Уже 9 декабря 1913 года Сулержицкий записывает в своем дневнике: «На предыдущем “Празднике мира” с одной дамой в публике случилась истерика». Частный этот случай становится поводом для большого разговора, началом размышлений о том, когда искусство перестает быть искусством. Актер думает, как бы «ударить по нервам», а он должен жить задачами, вытекающими из основной идеи пьесы, должен действовать «не нервами на нервы, а душой {85} на душу». Сулержицкий добирается до корней актерского самочувствия, анализирует виды искусства, обнажает штампы, снова и снова говорит о том, с какими задачами актер должен выходить на сцену и какую высокую и нужную правду нести зрителям, говоря им о жизни, которая должна Сыть прекрасной, а в действительности — страшна: «Когда в “Празднике мира” жили глубже, жили задачами, вытекавшими из основной идеи пьесы, когда задачи эти шли от зерна роли, вытекающего так или иначе от сквозного действия пьесы (то есть прекрасные по душе люди стараются удержаться в добре, но не могут совладеть с собой и от этою глубоко страдают), — эти задачи волновали зрительный зал благородно, как должно волновать искусство…»
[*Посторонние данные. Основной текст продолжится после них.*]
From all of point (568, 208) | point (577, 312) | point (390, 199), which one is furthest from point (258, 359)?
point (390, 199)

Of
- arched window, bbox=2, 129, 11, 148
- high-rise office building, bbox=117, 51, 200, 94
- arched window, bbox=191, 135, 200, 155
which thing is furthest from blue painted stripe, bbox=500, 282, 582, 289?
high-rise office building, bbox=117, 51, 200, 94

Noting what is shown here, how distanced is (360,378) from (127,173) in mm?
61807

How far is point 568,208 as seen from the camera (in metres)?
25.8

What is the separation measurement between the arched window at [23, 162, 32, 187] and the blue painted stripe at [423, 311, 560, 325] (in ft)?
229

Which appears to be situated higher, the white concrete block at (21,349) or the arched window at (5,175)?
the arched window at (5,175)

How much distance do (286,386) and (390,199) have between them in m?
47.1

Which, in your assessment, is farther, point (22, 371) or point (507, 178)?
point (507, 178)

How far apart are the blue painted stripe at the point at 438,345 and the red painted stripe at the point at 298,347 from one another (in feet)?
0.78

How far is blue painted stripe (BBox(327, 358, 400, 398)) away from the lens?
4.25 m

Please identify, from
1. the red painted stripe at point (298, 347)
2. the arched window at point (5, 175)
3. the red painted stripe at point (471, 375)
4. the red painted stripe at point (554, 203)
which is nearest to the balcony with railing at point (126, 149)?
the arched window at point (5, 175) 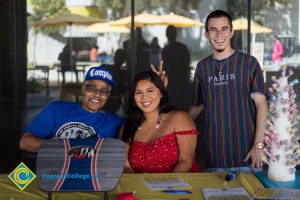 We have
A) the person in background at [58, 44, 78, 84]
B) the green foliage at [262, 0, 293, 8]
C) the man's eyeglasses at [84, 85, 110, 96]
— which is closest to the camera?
the man's eyeglasses at [84, 85, 110, 96]

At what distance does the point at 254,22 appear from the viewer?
600 centimetres

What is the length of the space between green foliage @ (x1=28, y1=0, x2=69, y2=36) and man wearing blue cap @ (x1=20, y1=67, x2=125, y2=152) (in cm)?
278

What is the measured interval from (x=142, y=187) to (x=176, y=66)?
3524 mm

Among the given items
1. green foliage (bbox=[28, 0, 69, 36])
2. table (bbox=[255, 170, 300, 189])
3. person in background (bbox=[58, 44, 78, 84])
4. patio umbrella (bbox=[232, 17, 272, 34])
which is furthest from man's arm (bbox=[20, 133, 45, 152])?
patio umbrella (bbox=[232, 17, 272, 34])

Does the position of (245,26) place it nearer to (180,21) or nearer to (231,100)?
(180,21)

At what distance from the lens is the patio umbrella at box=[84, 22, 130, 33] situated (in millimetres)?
6027

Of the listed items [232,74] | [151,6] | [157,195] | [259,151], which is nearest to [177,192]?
[157,195]

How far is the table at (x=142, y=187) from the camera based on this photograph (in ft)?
8.20

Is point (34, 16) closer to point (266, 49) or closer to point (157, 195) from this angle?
point (266, 49)

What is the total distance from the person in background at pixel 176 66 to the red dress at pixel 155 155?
2.88m

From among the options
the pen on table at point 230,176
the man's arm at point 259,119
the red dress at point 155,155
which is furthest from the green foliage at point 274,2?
the pen on table at point 230,176

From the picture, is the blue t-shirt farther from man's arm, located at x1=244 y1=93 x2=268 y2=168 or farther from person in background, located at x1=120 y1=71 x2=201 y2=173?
man's arm, located at x1=244 y1=93 x2=268 y2=168

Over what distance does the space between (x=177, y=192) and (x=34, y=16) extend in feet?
13.3

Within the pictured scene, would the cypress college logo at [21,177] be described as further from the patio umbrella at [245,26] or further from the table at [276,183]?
the patio umbrella at [245,26] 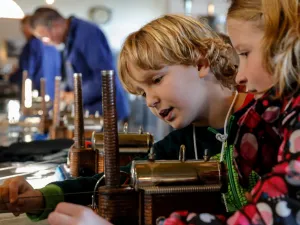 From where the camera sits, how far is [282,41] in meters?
0.51

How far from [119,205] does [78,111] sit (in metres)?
0.43

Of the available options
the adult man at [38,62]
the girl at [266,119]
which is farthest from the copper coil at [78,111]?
the adult man at [38,62]

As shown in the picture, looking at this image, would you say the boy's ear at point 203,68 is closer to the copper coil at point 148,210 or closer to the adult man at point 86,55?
the copper coil at point 148,210

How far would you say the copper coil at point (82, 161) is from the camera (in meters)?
0.95

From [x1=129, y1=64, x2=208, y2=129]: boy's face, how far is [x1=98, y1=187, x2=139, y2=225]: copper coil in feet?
1.03

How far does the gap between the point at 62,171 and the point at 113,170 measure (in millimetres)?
488

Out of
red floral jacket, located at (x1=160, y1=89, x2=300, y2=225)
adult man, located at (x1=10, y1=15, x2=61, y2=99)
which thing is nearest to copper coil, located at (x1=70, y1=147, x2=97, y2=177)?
red floral jacket, located at (x1=160, y1=89, x2=300, y2=225)

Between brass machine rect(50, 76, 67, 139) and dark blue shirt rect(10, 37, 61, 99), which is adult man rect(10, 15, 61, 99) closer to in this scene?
dark blue shirt rect(10, 37, 61, 99)

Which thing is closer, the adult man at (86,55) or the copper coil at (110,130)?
the copper coil at (110,130)

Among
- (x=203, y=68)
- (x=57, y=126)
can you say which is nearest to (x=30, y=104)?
(x=57, y=126)

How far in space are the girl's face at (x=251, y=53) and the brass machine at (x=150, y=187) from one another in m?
0.10

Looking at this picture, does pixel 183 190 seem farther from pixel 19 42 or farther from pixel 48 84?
pixel 19 42

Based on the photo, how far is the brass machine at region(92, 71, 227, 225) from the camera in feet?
1.80

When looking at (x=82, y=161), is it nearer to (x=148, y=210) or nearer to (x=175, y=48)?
(x=175, y=48) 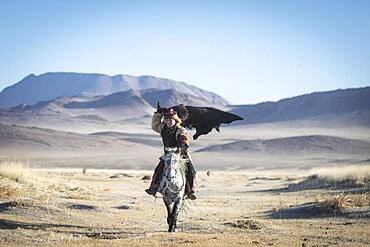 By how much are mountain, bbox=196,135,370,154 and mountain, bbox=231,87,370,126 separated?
1298 inches

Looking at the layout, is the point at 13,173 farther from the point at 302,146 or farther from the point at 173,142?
the point at 302,146

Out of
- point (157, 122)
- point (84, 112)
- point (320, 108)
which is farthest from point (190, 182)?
point (84, 112)

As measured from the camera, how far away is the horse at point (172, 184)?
11.4m

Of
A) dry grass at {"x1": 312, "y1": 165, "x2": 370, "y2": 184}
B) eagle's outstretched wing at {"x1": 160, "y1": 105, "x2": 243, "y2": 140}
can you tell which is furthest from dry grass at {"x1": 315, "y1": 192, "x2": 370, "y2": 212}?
dry grass at {"x1": 312, "y1": 165, "x2": 370, "y2": 184}

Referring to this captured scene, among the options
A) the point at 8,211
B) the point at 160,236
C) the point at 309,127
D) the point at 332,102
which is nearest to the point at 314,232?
the point at 160,236

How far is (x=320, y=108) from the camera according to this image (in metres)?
137

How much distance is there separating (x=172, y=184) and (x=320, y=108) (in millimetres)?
129510

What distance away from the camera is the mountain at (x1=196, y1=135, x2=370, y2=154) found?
80500mm

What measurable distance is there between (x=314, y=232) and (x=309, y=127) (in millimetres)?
110779

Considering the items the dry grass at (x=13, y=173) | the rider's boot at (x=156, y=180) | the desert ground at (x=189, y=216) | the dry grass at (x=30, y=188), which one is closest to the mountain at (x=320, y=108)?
the desert ground at (x=189, y=216)

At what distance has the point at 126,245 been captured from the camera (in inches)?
382

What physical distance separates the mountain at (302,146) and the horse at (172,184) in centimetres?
7029

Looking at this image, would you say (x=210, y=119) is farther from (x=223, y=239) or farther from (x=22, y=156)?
(x=22, y=156)

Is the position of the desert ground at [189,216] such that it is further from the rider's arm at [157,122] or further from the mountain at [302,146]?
the mountain at [302,146] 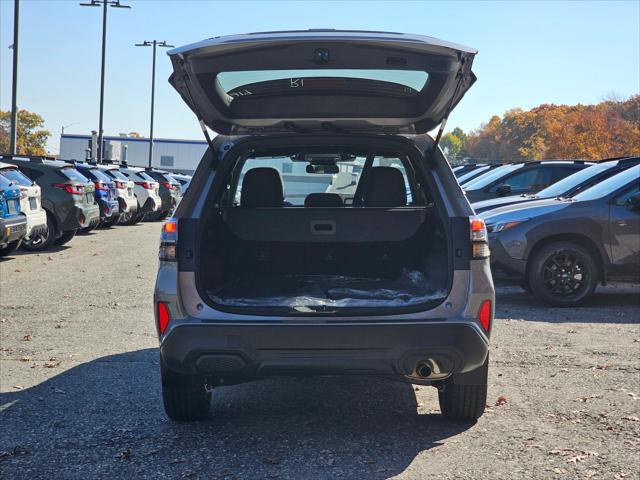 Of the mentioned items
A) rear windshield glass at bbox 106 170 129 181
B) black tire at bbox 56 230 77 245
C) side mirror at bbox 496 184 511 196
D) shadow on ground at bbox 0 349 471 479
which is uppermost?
side mirror at bbox 496 184 511 196

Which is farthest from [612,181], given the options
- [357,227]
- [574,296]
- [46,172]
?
[46,172]

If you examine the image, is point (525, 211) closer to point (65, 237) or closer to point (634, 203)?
point (634, 203)

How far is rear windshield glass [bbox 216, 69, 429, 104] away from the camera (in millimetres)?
5008

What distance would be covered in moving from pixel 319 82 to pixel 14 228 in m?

И все же не только актеры были виноваты в том, что спектакль переходил грани искусства; возможность этого была в самой пьесе Гауптмана — в ее душной, патологической атмосфере, в смаковании страдания несчастных мелких людей.

Сулержицкий видел в них «прекрасных по душе людей» и тему эту считал главной в пьесе и в спектакле, а у автора и, закономерно, у исполнителей «прекрасное» вспыхивало и тут же гасло, потому что герои их не были «прекрасны по душе», источник страданий был в них самих, а не вне их, как у простых и цельных героев «Гибели “Надежды”».

Сегодня, через полвека, мы ясно видим противоречия этого спектакля и недостаточность тех чисто моральных, внесоциальных критериев, с которыми подходили к «Празднику мира» студийцы и прежде всего их руководитель. А тогда, в 1913 году, спектакль казался Сулержицкому прямым продолжением «Надежды», развивающим ту же тему «прекрасных по душе людей».

Другой спектакль окончательно завоевал Москву. Попасть на него было невозможно. Это — «Сверчок на печи», инсценировка рождественской повести Диккенса.

В программе этого спектакля (как и двух первых) имя Сулержицкого не значится. Инсценировал рассказ «Б. М. С.» — Борис Михайлович Сушкевич. Режиссировал он же. Но без Сулержицкого этот спектакль никогда не появился бы. А если бы появился — не был бы спектаклем-откровением. Без него никогда не возникло бы это слияние с Диккенсом, с его мудрой и мягкой любовью к людям, с его юмором и печалью. «В эту работу Сулержицкий вложит все свое сердце. Он отдал ей много высоких; чувств, духовных сил, хороших слов, теплых убеждений, красивых {86} мечтаний, которыми он пропитал всех участвующих, что сделало спектакль необыкновенно душевным и трогательным»[85].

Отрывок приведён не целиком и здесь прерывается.